The society in which we live makes it almost impossible for most of us to be healthy, happy, or wise, no matter how hard we try or how many New Year resolutions we make. How can we become more healthy when the environment in which we live is profoundly unhealthy? I might resolve to swim twenty lengths of the swimming pool every day and only eat whole foods, but that's not going to do me much good if I live next to a leaky nuclear reactor, or in a city where the air is polluted by lead-ridden exhaust fumes. I might resolve to give up smoking (again), but if I smoke to help me cope with the stress of everyday life caused by anxieties about money, work, housing or bills, then I might very well get a stomach ulcer instead. My resolve to be less bad-tempered is all very well, but if the reason I get bad-tempered is the daily frustration of not being fully in control of my own life then I am attacking the symptom and not the cause. How nice a person can you afford to be in a world that is not nice, where competition and aggression are highly valued attributes? And how can people become wise when they are constantly being fed misinformation, distortions of the truth and downright lies from the relatively harmless fairy tales about Father Christmas coming down chimneys to bring toys to good children to the infinitely more harmful fairy tales of politicians who tell us that if we, the workers, are good (work harder for less pay, don't go on strike, don't make a fuss about poor housing, health care and so on), then we will reap the benefit as "the nation" gets richer.

The truth of the matter is that, as individuals, we are extremely limited in our ability to change our own lives very much at all. We are part of a society which directly affects what we can or cannot expect from life, how we live our lives and even the way in which we behave towards each other. So if we want to be healthy, happy, caring individuals — if, in other words, we want to be fully human — we must first live in a society which permits those qualities to flourish. And capitalism, the society in which we all live now, certainly does not.

Capitalism is a system of society which divides people rather than unites them — capitalist from worker, men from women, blacks from whites, nation from nation. It teaches us competition not co-operation competition for jobs, housing and something that approximates to a bearable standard of living. The division between capitalist and worker is inherent in capitalism — their interests are totally opposed and can never be reconciled. But the divisions between workers are not inherent —they are encouraged by the conditions in which we live and work but could be overcome through a recognition of our common class interests, our mutual inter-dependence and, above all, the need for radical change.

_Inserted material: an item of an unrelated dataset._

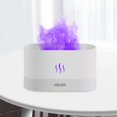 thumbnail image 2 of Humidificador de aire portátil USB 3D Flame Seven Colors Silent Cool Mist Difusor de aceite esencial para dormitorio Bebés Guardería Decoración para Blanco, 2 of 7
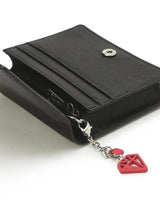 [JILLSTUART] [Gelato] Leather petite charm 装飾 2段 bifold wallet _ BLACK - コクモト KOCUMOTO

So this year, when your self-image has recovered from the body-blow dealt it by your brother thinking you were the kind of person who would like the pair of pink lurex socks, or by your Auntie Flo being convinced that a Barbara Cartland novel was just what you always wanted; when you've been to Marks and Sparks to get a refund on a jumper in order to pay the electricity bill; when the last of the turkey has been metamorphosed into turkey curry; when you've replied "Quiet, but nice" for the last time to people who ask at work if you've had a nice Christmas; when the TV has stopped showing disaster movies, The Sound of Music and Jimmy Savile tormenting sick children in hospital; when the ankle you sprained leaping across the living room on Christmas Day to turn off the Queen has recovered; in short, when life has returned to humdrum normality, why not reflect on what your New Year's resolution will be this year? Are you going to make pious resolutions to become a "better" person, which you have very little chance of keeping, or are you going to make this the year you start to take control of your own life? It would be nice to think that people throughout the world are scribbling the words: "I resolve that 1986 will be the year that I will organise democratically with my fellow workers to abolish capitalism and bring about a society in which we can all start to become healthy, happy and wise".